朝廷から、征夷大将軍か、関白か、太政大臣のどれかになるよう打診された信長は、答えを出す前に本能寺の変で討たれた。

征夷大将軍とは武家の頂点。

関白とは公家の頂点。

太政大臣とは、官庁の頂点、太政官の長官で平清盛が就任していたため、子孫の信長も太政大臣になっていたかもしれなかった。

信長が死んだ時には足利義昭が将軍の地位にいたからだ。


足利義昭は拒んだ。

養子になれば簡単に征夷大将軍になれるものかと。


しかし、秀吉は近衛前久の猶子となり関白になった知らせを受け、出家することを条件に秀吉の軍門に降った。
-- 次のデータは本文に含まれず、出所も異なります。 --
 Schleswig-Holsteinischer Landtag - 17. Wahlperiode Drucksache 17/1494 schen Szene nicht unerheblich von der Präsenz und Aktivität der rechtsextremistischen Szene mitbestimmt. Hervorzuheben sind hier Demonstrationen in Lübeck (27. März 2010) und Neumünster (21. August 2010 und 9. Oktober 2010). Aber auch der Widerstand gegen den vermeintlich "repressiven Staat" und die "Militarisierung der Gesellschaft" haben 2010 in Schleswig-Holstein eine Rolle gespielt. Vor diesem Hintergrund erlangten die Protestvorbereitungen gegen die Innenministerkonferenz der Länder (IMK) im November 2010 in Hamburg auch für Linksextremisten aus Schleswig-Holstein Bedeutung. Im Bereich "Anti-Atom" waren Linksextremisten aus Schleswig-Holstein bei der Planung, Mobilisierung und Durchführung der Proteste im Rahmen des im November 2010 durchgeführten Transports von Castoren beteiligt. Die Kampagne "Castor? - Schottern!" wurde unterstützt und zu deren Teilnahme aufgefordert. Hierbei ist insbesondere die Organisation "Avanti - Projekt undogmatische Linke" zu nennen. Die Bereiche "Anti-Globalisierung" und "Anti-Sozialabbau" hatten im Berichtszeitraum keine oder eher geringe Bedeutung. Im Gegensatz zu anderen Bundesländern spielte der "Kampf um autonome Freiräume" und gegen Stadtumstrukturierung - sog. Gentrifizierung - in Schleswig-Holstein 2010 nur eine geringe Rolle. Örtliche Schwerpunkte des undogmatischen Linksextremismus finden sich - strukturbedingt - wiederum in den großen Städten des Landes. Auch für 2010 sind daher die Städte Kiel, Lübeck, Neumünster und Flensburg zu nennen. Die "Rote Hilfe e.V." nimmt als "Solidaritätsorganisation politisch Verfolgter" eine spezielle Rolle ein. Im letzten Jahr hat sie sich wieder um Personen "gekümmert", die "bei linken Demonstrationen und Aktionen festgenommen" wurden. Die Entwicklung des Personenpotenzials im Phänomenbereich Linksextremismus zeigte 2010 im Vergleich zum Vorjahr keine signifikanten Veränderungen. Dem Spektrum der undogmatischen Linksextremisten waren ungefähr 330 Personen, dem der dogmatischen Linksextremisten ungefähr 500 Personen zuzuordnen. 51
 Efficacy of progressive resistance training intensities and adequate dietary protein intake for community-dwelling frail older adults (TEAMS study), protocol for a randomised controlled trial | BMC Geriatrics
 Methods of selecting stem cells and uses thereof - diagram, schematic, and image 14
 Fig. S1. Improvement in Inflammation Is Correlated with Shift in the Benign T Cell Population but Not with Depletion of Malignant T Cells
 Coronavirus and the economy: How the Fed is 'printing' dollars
その後、征夷大将軍の兼任を朝廷から打診されたが、秀吉は断っている。




避亂泛舟江州湖暗結愁



落魄江湖暗結愁

弧舟一夜思悠悠

天公亦怜吾生否

月白蘆花浅水秋


幼い頃から時流にあわぬ知識を植えつけられた義昭は、何も持ち合わせていないのに、すべてを掌握しているかのように勘違いして振る舞い過ぎた。


征夷大将軍という名前を必要以上に意識してしまい、結果、権威に振りまわされてしまい不遇の人生を歩んだ義昭だが、歴代足利将軍では、もっとも長命の人生を送った男だった。